Richard Florida describes this same issue in his new book, The Great Reset. I
would agree with him that emphasis should not be as great on homeownership
(and accompanying tax credits) and instead should be more towards driving new
creative technologies and systems that this country needs to compete.

------
kls
From the Article:

 _But a mortgage is still a form of long-term forced savings, after all_

No it is not, I don't understand why people cannot get debt and assets
straight in their head. A mortgage is a debt, it is theoretical money at some
future date. It is resold on the market as an asset when in fact it is not.

So here is the deal, If I buy a house today with all cash and the market
continues to erode it will eventually devalue other sectors in relation to it.
Because a house is a tangible asset and tangible assets have this tricky way
of devaluing other hard assets on their way down (eventually). So for instance
a house is today worth lets say 15 cars. No matter the dollar amount cars and
houses will roughly measure out to the same exchange scale give or take a car.

Just as we are seeing now the housing market is threatening to put us into a
deflationary spiral.
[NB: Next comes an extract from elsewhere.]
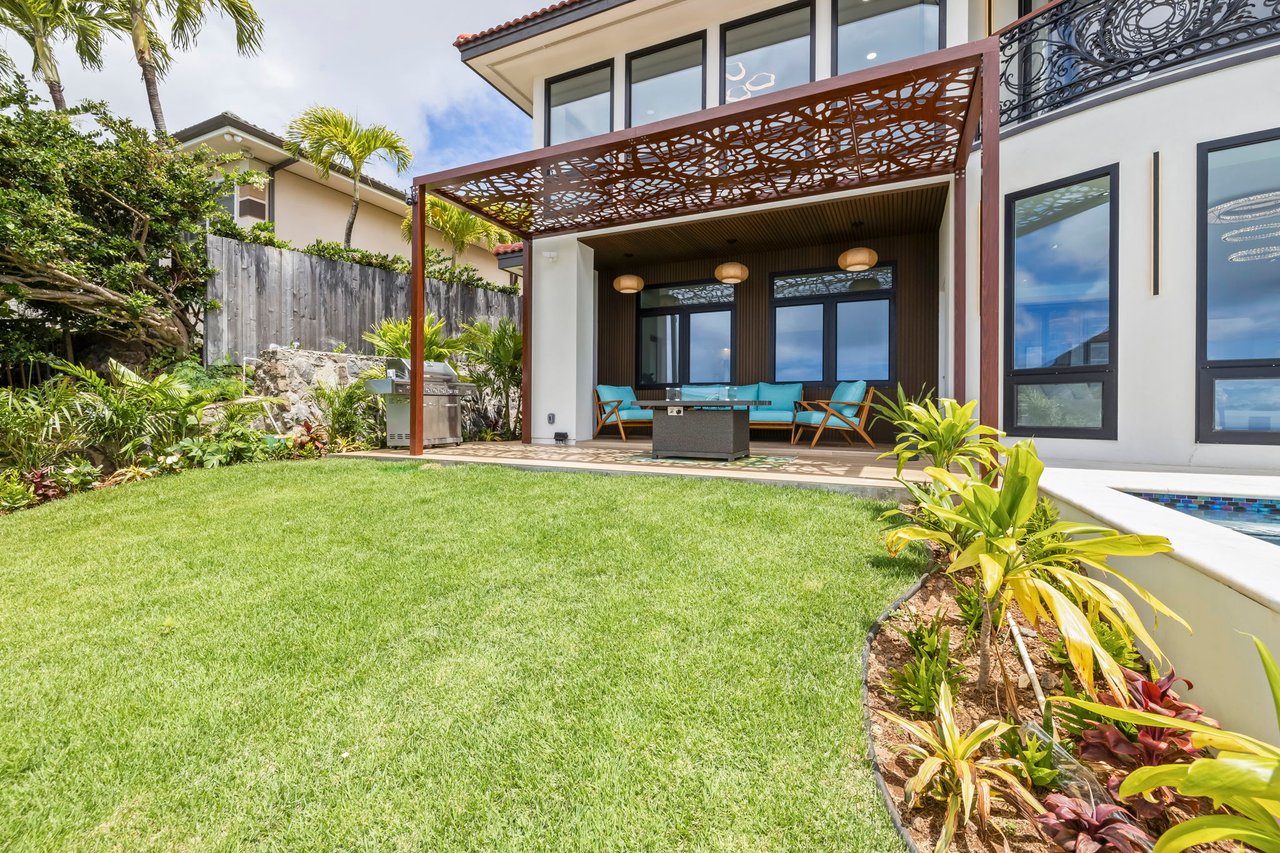 123 Waihili Place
In which other real assets will fall in line with the
monetary conversion value of housing. So no matter what the $ amount is, a
house will be worth 15 cars give or take a car. As A side note, if you can
time the times when they are significantly out of balance you can make some
money. It was once said that in the 1800's an ounce of gold would buy you a
nice suit and that today and ounce of gold will buy you nice suite. This has
held relatively true.

OK, so back to my gripe with the article, why is a mortgage not a form of long
term savings? Because the mortgage reflects the monetary valuation of an asset
at a certain point in time. After that point the monetary valuation of the
asset and the mortgage can diverge. The house still has roughly the save value
(or will adjust to), just not the same cash value. Mortgages are not written
on an index compared to assets so you are exposed to the risk of the asset
adjusting while you have a fixed monetary debt instrument.
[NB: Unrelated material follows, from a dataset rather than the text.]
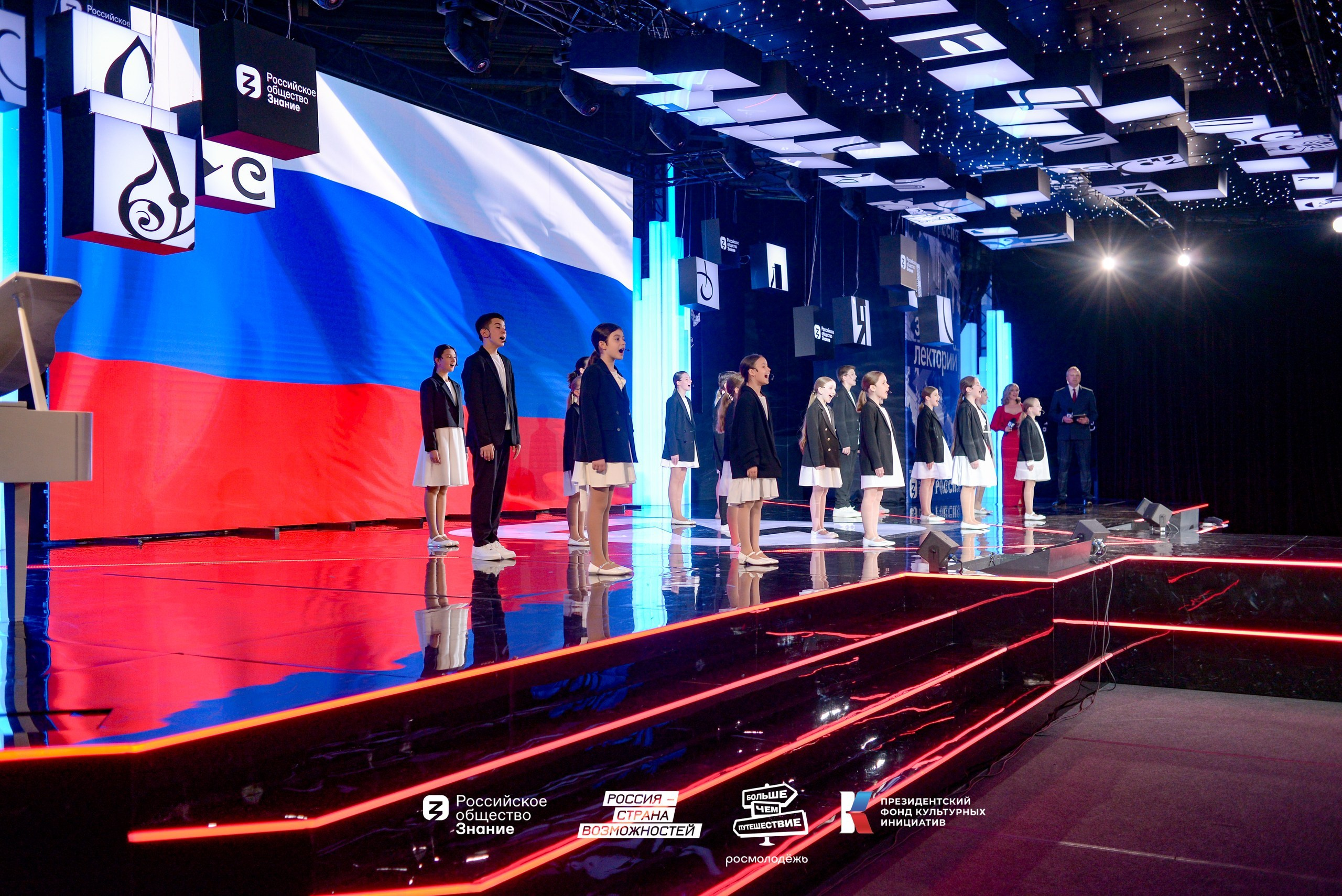 ВДНХ «Лига экскурсоводов». Юра Бакулин Фотограф Москва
This is why, one should be in an all cash or all asset position depending on
the state of the market. In a declining market one should take a cash position
and in an inflationary market one should take an asset position. Timing the
switch is the trick. Conversely, being on either the owning or receiving end
of a debt based security is not the same as being in a cash or real asset
position, no matter the direction of the market, but for some reason people
confuse this in their mind.

Purchasing assets on leverage always exposes you to the risk of adjustment, it
therefore cannot be considered a form of savings as there is not a guaranteed
return as we have witnessed so clearly as of late. One should always be very
cautious when leveraging an asset. They can and do diverge.

Not to mention that leverage causes assets to hype-inflate (bubbles) and then
many times rapidly deflate once over leveraging happens.